*Source material*.
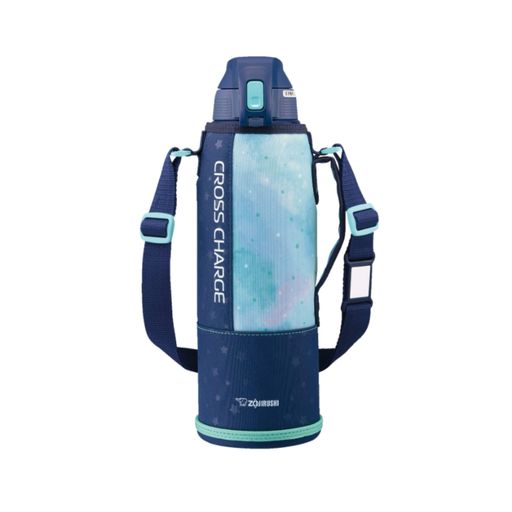 象印マホービン(ZOJIRUSHI) 象印水筒 直飲み スポーツタイプ ステンレスクールボトル 1.5L ネイビーミント SD-FB15-AG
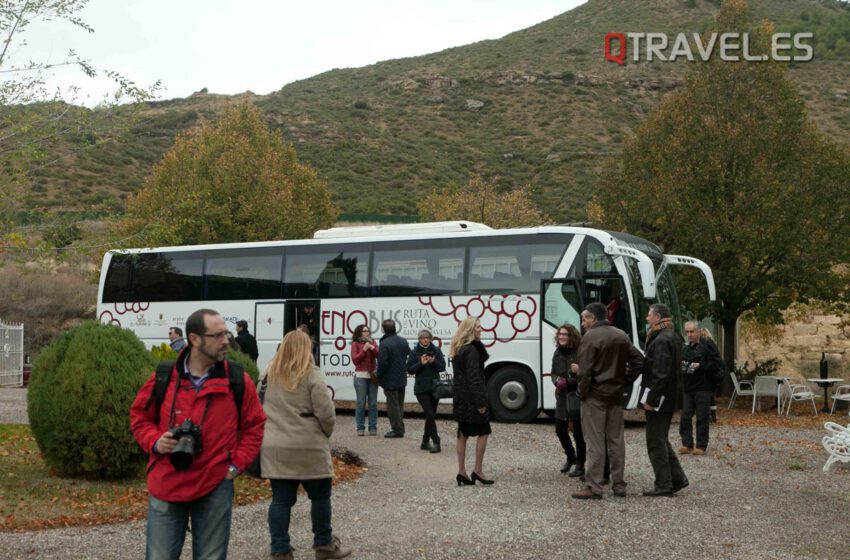  Enobús, rumbo a la feria del vino  de Navaridas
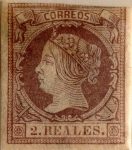 Sellos del Mundo : Europe : Spain : 2 reales 1860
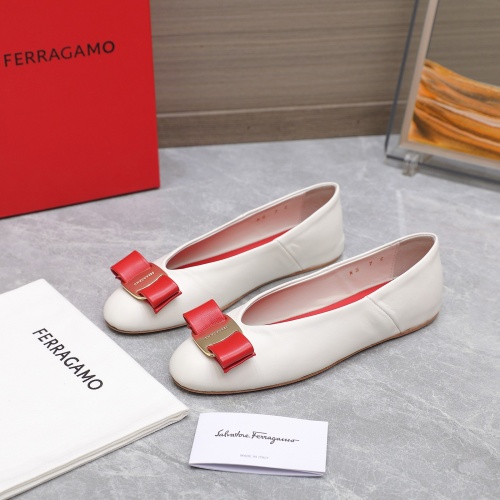 Cheap Salvatore Ferragamo Flat Shoes For Women #1245319 Replica Wholesale [$115.00 USD] [ITEM#1245319] on Replica Salvatore Ferragamo Flat Shoes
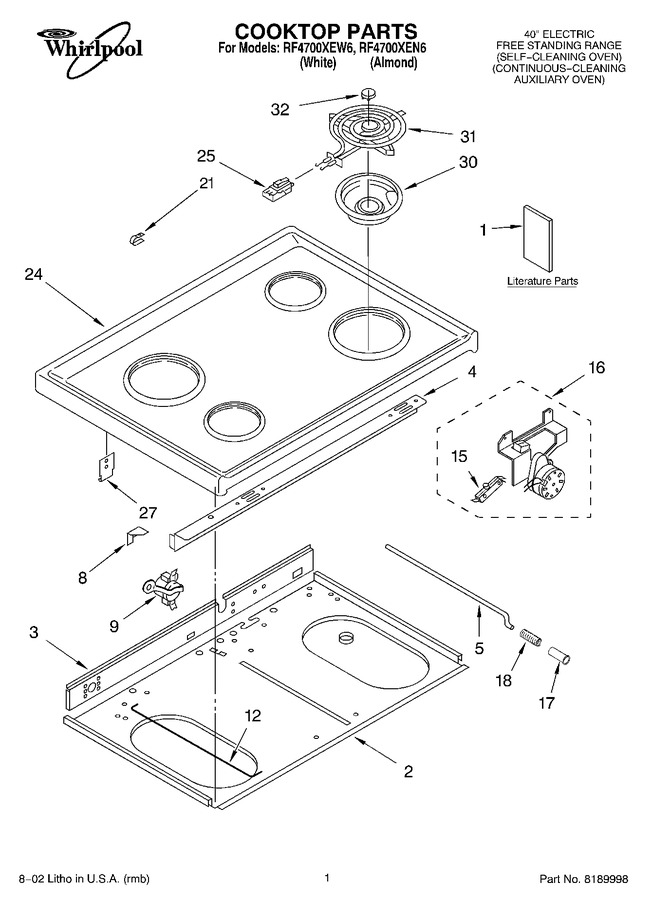 Diagram for RF4700XEW6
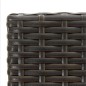 vidaXL Set Bar da Giardino 5 pz Marrone vidaXL Set Bar da Giardino 5 pz Marrone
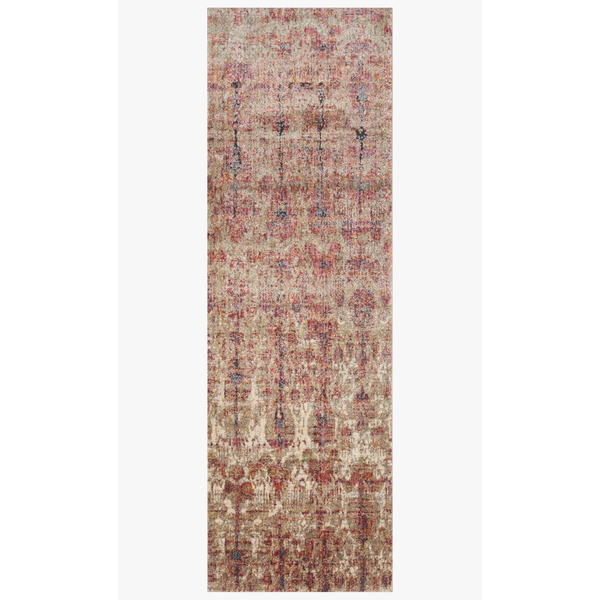 Javari Rugs by Loloi - JV-10 Drizzle/Berry-Loloi Rugs-Blue Hand Home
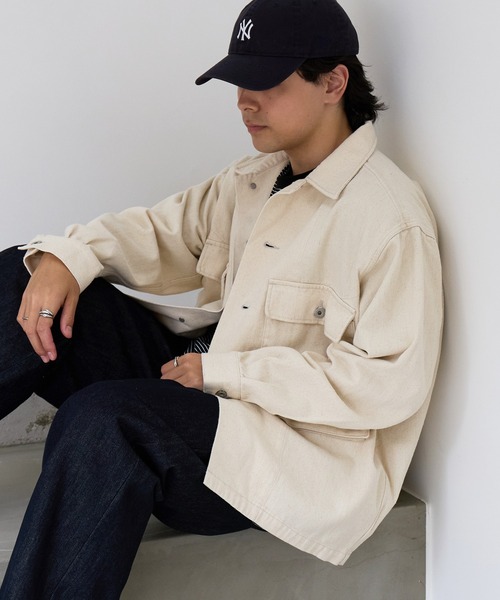 ARMY TWILL(アーミーツイル)の「【ARMY TWILL】ミリタリーディテール デニムジャケット AM-2614001(デニムジャケット・メンズ・オフホワイト/チャコールグレー/ブルー・M/L)」の22枚目の写真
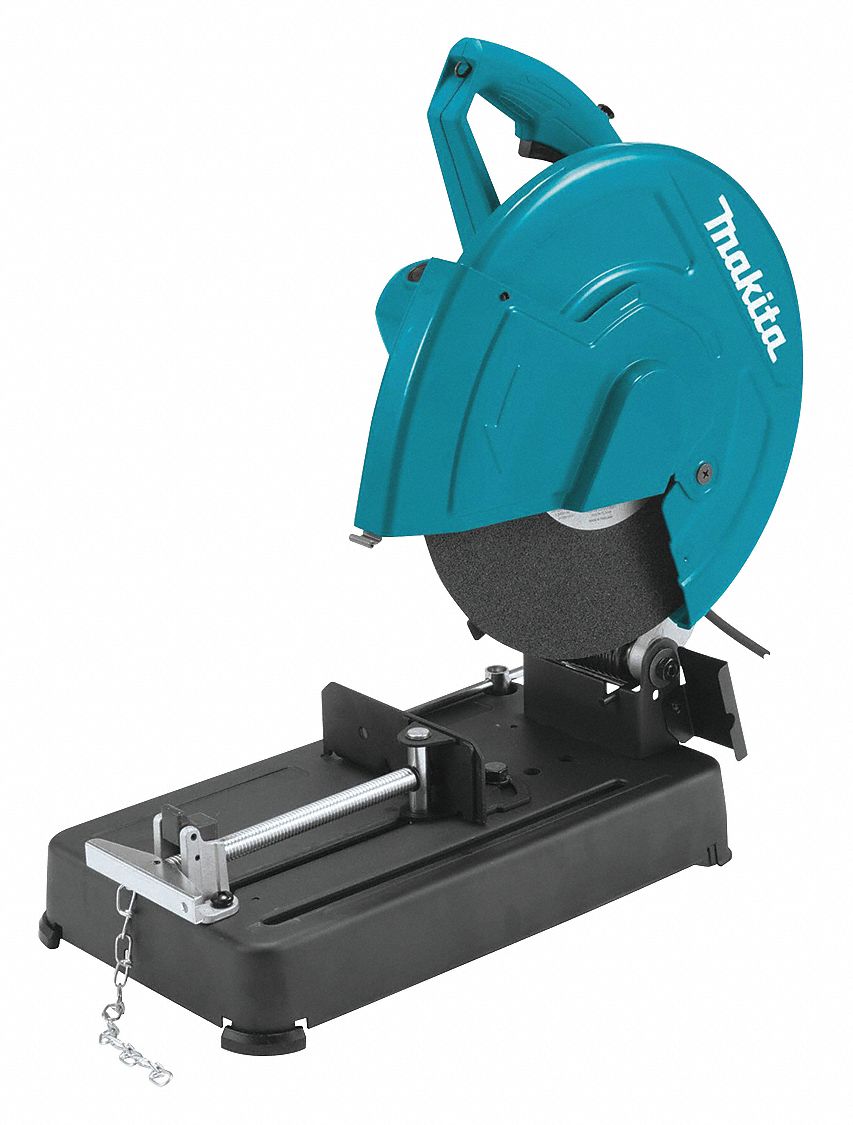 CUT-OFF MACHINE, CORDED, 120V AC/15A, 14 IN DIA, 3800 RPM, 5 IN ROUND CUT, 4 X 7⅝ IN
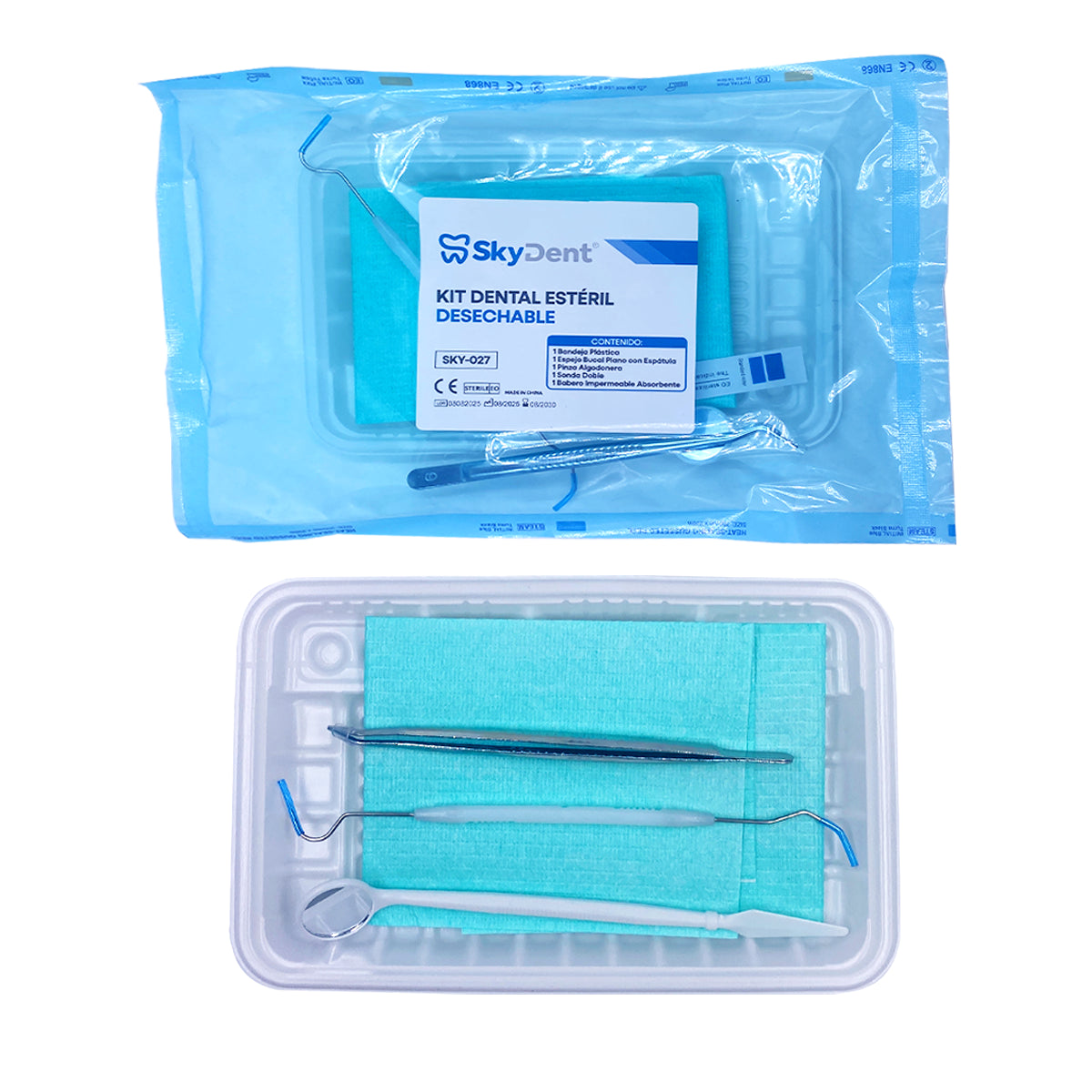 KIT DE BANDEJA DESECHABLE SKYDENT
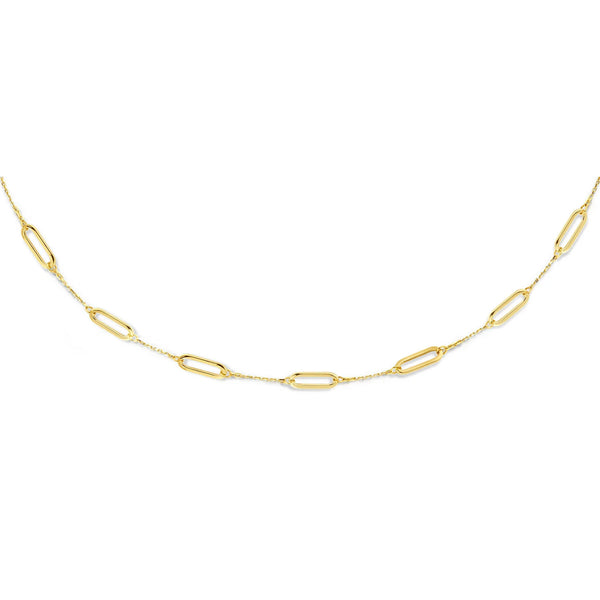 14 karaat geelgouden dames ketting - Jackie -  Las Ramblas Necklace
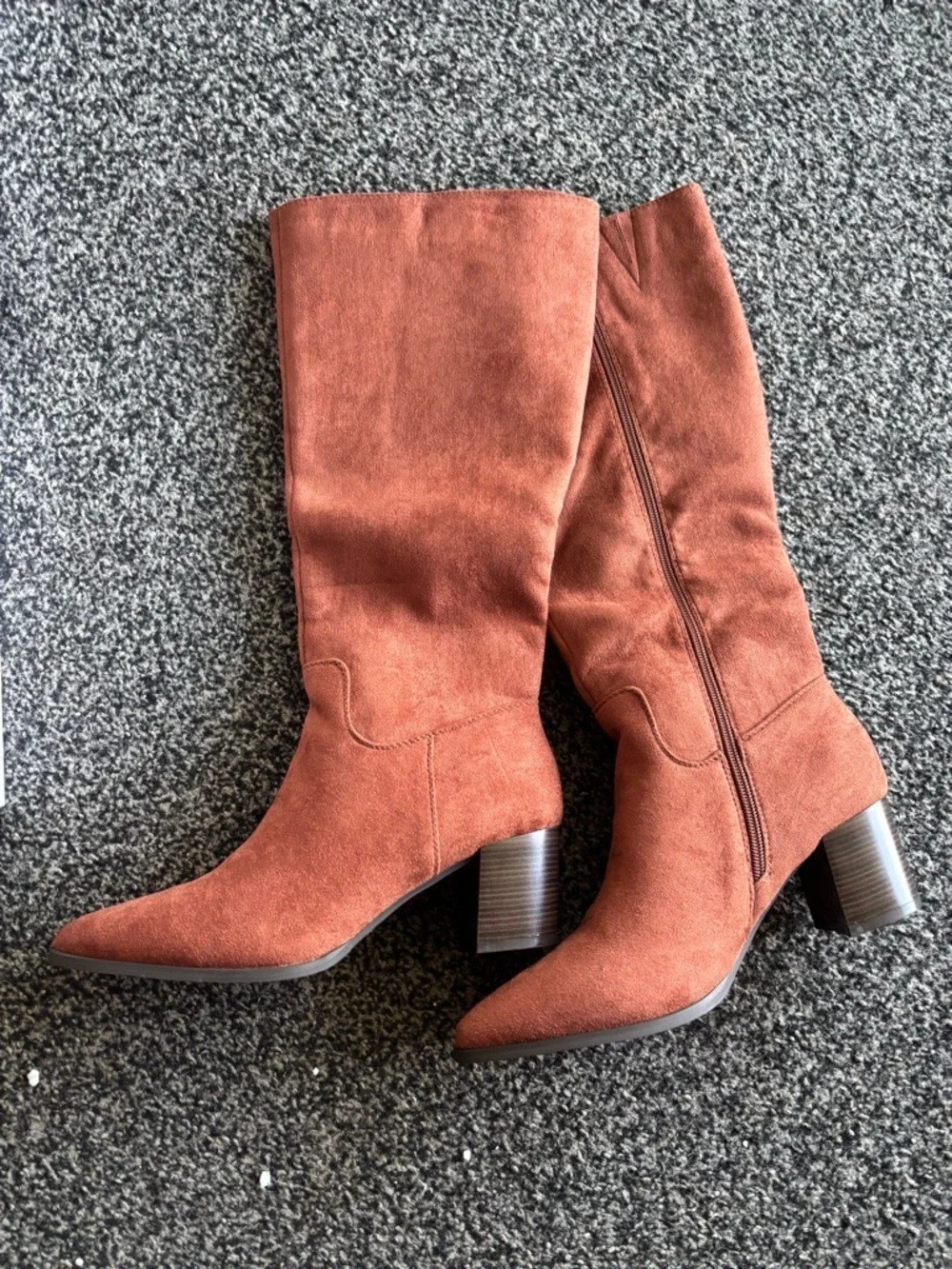Shoe N Tale Women's Brown Suede Knee High Boots Size 41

*What the exercise asks*. Your task is to repeat exactly the lines from the one containing "CUT-OFF MACHINE, CORDED, 120V" through the end of the material, both included, and only those, without pictures.

*Finished task*.
 CUT-OFF MACHINE, CORDED, 120V AC/15A, 14 IN DIA, 3800 RPM, 5 IN ROUND CUT, 4 X 7⅝ IN
 KIT DE BANDEJA DESECHABLE SKYDENT
 14 karaat geelgouden dames ketting - Jackie -  Las Ramblas Necklace
Shoe N Tale Women's Brown Suede Knee High Boots Size 41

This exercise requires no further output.